Luiza Justus
O mais azedo prazer
- Você pode ter a vida que sempre desejou – disse a deslumbrante mulher,
estendendo suas mãos a mim com fins de finalizar nosso trato. Ela continuou: Aquela é a única condição. A decisão é sua.
Pensei um pouco e lembrei-me de tudo que vivera até ali.
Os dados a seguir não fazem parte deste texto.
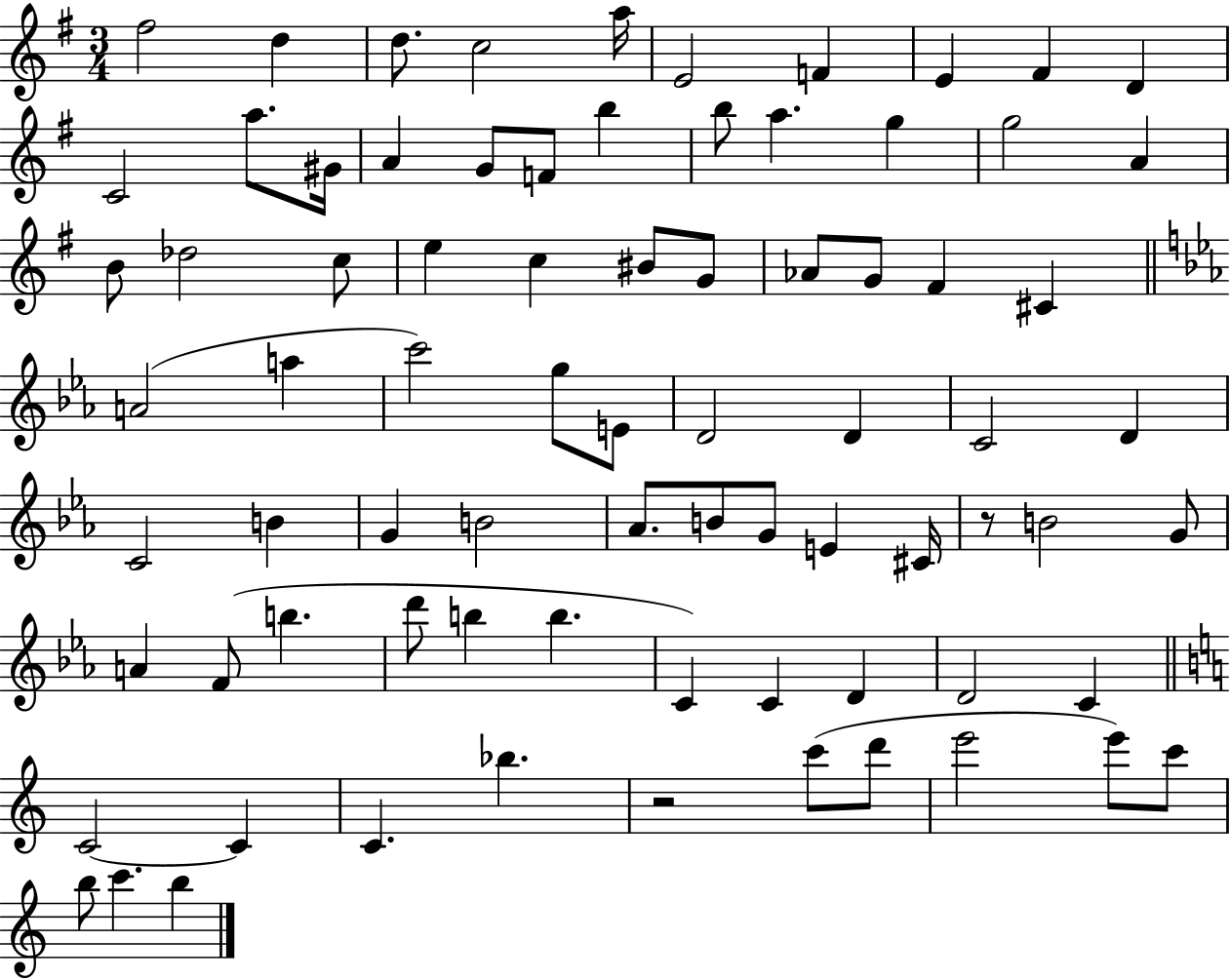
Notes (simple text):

F#5/h D5/q D5/e. C5/h A5/s E4/h F4/q E4/q F#4/q D4/q C4/h A5/e. G#4/s A4/q G4/e F4/e B5/q B5/e A5/q. G5/q G5/h A4/q B4/e Db5/h C5/e E5/q C5/q BIS4/e G4/e Ab4/e G4/e F#4/q C#4/q A4/h A5/q C6/h G5/e E4/e D4/h D4/q C4/h D4/q C4/h B4/q G4/q B4/h Ab4/e. B4/e G4/e E4/q C#4/s R/e B4/h G4/e A4/q F4/e B5/q. D6/e B5/q B5/q. C4/q C4/q D4/q D4/h C4/q C4/h C4/q C4/q. Bb5/q. R/h C6/e D6/e E6/h E6/e C6/e B5/e C6/q. B5/q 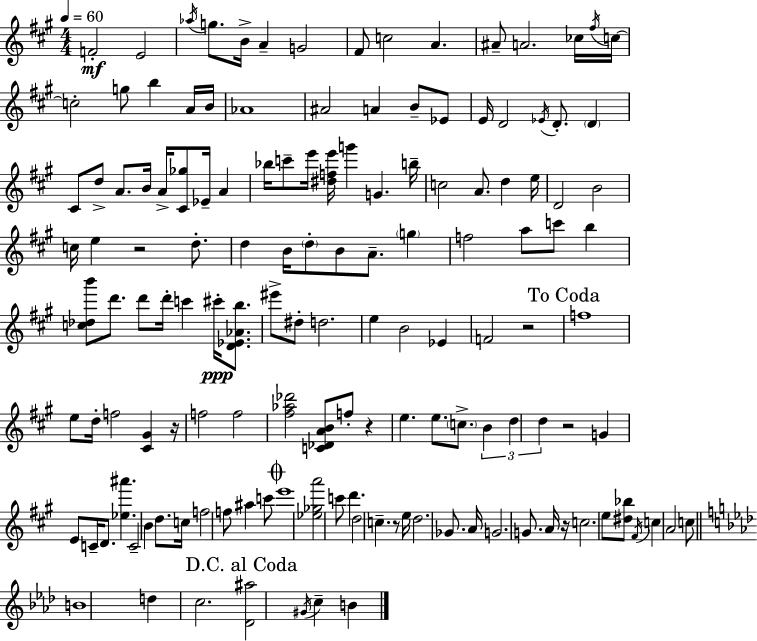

Tinha apenas
lembranças apagadas da vida sem sal e sem propósito que tive até meus trinta
anos; não me tornei o magnata milionário com Ferraris e helicópteros e modelos
maravilhosas se jogando aos meus pés. Não tive grande amor e nem nunca fui
bom em nada. Olhei para a mulher que me fazia a proposta e imaginei a vida que
agora poderia ter. A decisão rondava minha cabeça; hesitei um por um segundo e,
antes que eu pudesse impedir a mim mesmo, estiquei o braço e apertei a mão
dela.
- Negócio fechado.
Acordei em uma sala escura com ar condicionado. Liguei as luzes e me vi
rodeado de outras pessoas em camas como a em que eu estava, todos em sono
profundo. Sai da sala confusa, não sabia onde estava. O que aconteceu com
Gabrielle, minha linda esposa, ou com a minha mansão ou meu barco? Onde
estavam minhas coisas? Que roupas eram essas? Andei sozinho pelos corredores
até chegar a uma sala bem decorada.
- Olá, João.
Reconheci essa voz e me virei rapidamente, dando de cara com a linda
mulher que me fizera uma proposta uns vinte anos atrás. Ela sorria para mim um
sorriso maléfico, aqueles dentes perfeitos discretamente me ameaçando.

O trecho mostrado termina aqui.